Singing and Songs (WER):
| Benchmark | Doubao | FunASR | WhisperX | Qwen3-1.7B |
|---|---|---|---|---|
| M4Singer | 7.88 | 7.29 | 13.58 | 5.98 |
| Opencpop | 3.80 | 2.98 | 9.52 | 3.08 |
| PopCS | 8.97 | 9.42 | 13.77 | 8.52 |
| EntireSongs-en | – | – | N/A | 14.60 |
| EntireSongs-zh | – | – | N/A | 13.91 |
Streaming vs. Offline:
| Mode | Libri clean/other | Fleurs-en | Fleurs-zh |
|---|---|---|---|
| Offline | 1.63 / 3.38 | 3.35 | 2.41 |
| Streaming | 1.95 / 4.51 | 4.02 | 2.84 |
The model exhibits SOTA open-source ASR accuracy across Mandarin, Chinese dialects, and singing benchmarks and achieves competitive results with proprietary APIs on real-world, robustness, and low-resource tasks.
5. Strengths and Limitations
Strengths:
- State-of-the-art open-source ASR performance across English, Mandarin, regional dialects, and singing.
- Competitive LID and transcription accuracy compared to leading proprietary APIs.
- Unified streaming and offline inference implemented via dynamic FlashAttention.
- Integrated prompt-based LID.
- Open sourcing under Apache-2.0 facilitates broad adoption and further research.
Limitations:
- Inference RTF (0.015–0.13) at 1.7B scale may hinder use in extremely low-latency, on-device scenarios.
- Multilingual performance degrades on long-tail languages in larger benchmarks (e.g., 30-language Fleurs).
- Decoding does not currently expose beam search, which may limit performance on noisy or ambiguous inputs where n-best rescoring is critical.
- Reproducing the training pipeline—particularly RL and large-scale pretraining—requires substantial computational resources and expertise.
6. Context and Impact
Qwen3-ASR-1.7B places open-source ASR systems in direct competition with the most capable commercial APIs in both accuracy and real-world robustness.

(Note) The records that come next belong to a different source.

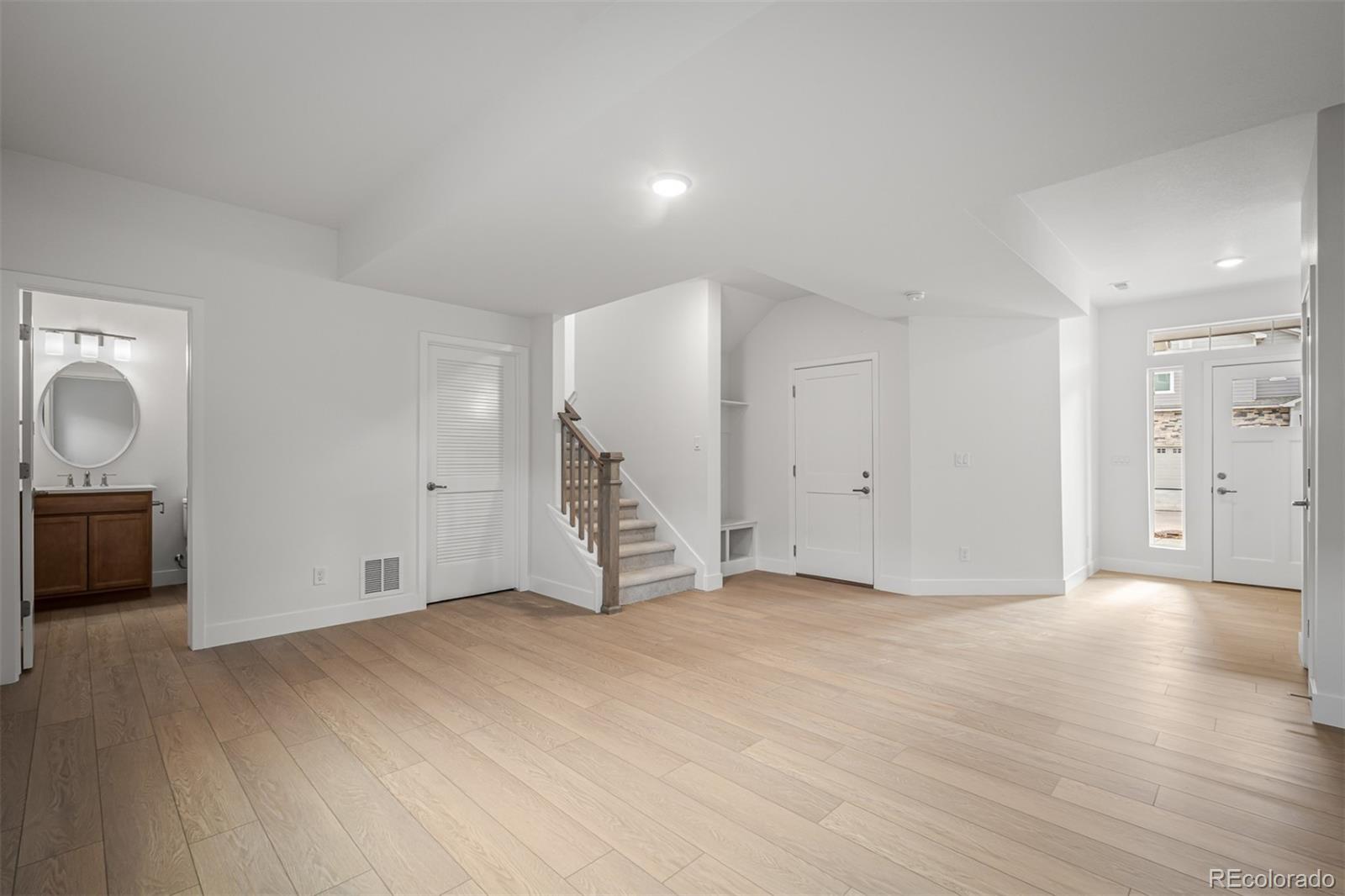 MLS Image #2 for 4564  peak crest view,colorado springs, Colorado
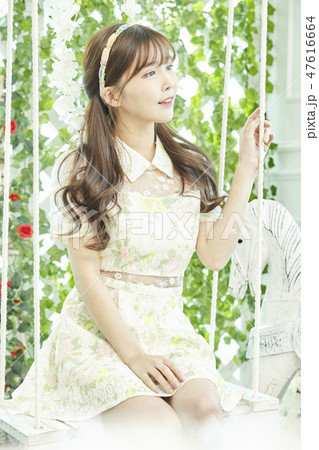 若い女性 女性 女 47616664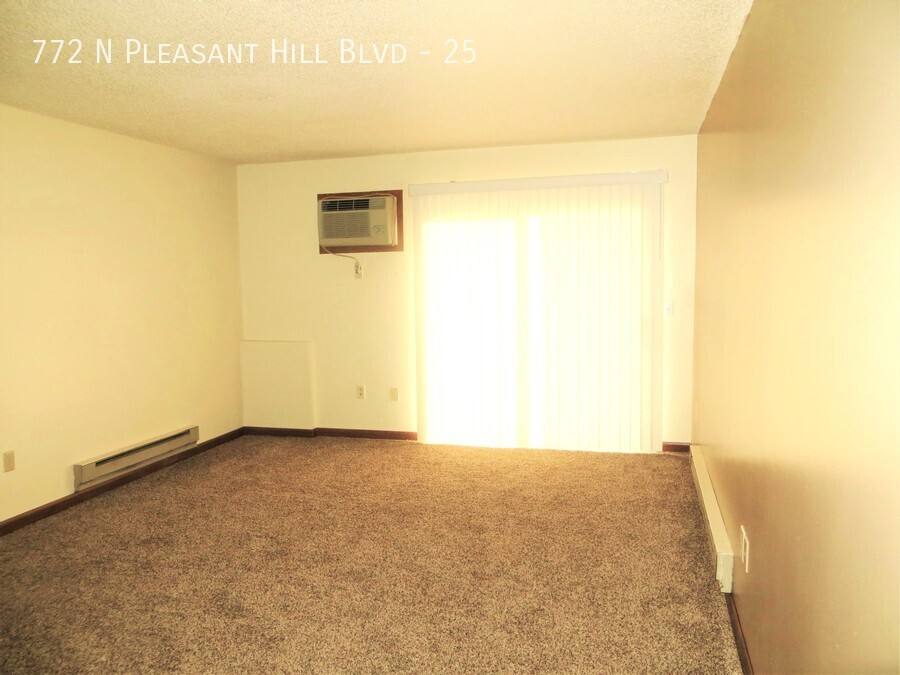 Apartment for rent at 772 N Pleasant Hill Blvd #25, Pleasant Hill, IA 50327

Its architecture exemplifies the trend toward LALM-based ASR, broad multilingualism, and strong integration with language identification. The model’s release—including code for inference and finetuning—under a permissive license substantially reduces barriers to deployment in production and research environments. A plausible implication is increased uptake in commercial, academic, and multilingually diverse ASR pipelines, especially where transparent licensing and custom model adaptation are priorities (Shi et al., 29 Jan 2026).